══ Supplied data ══

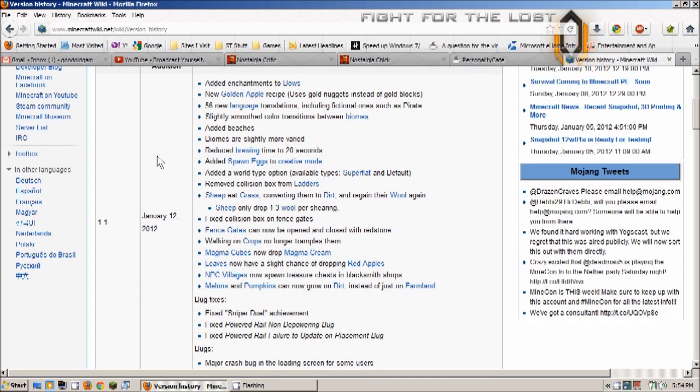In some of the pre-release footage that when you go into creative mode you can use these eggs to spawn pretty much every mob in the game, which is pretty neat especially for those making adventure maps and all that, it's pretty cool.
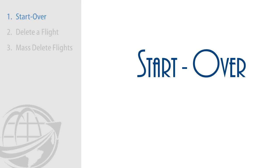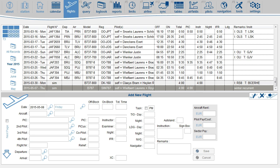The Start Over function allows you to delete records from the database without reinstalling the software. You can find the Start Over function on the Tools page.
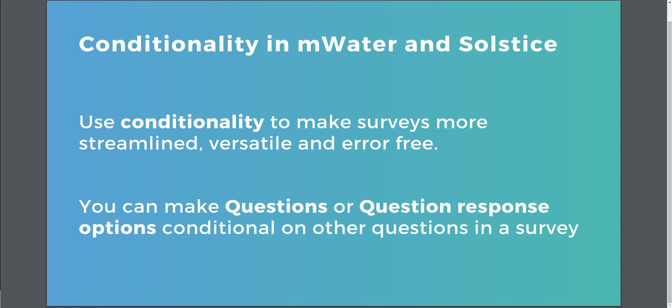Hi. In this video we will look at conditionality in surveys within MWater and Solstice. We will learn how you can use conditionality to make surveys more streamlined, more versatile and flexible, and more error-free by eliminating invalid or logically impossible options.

═══
══ Supplied data ══

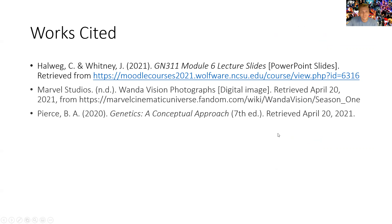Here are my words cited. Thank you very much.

═══

_About this task:_ Copy the lines above between the one holding "The Start Over function allows" and the one holding "Hi. In this", inclusive. Drop the pictures.

_Task answer:_
The Start Over function allows you to delete records from the database without reinstalling the software. You can find the Start Over function on the Tools page.
Hi. In this video we will look at conditionality in surveys within MWater and Solstice. We will learn how you can use conditionality to make surveys more streamlined, more versatile and flexible, and more error-free by eliminating invalid or logically impossible options.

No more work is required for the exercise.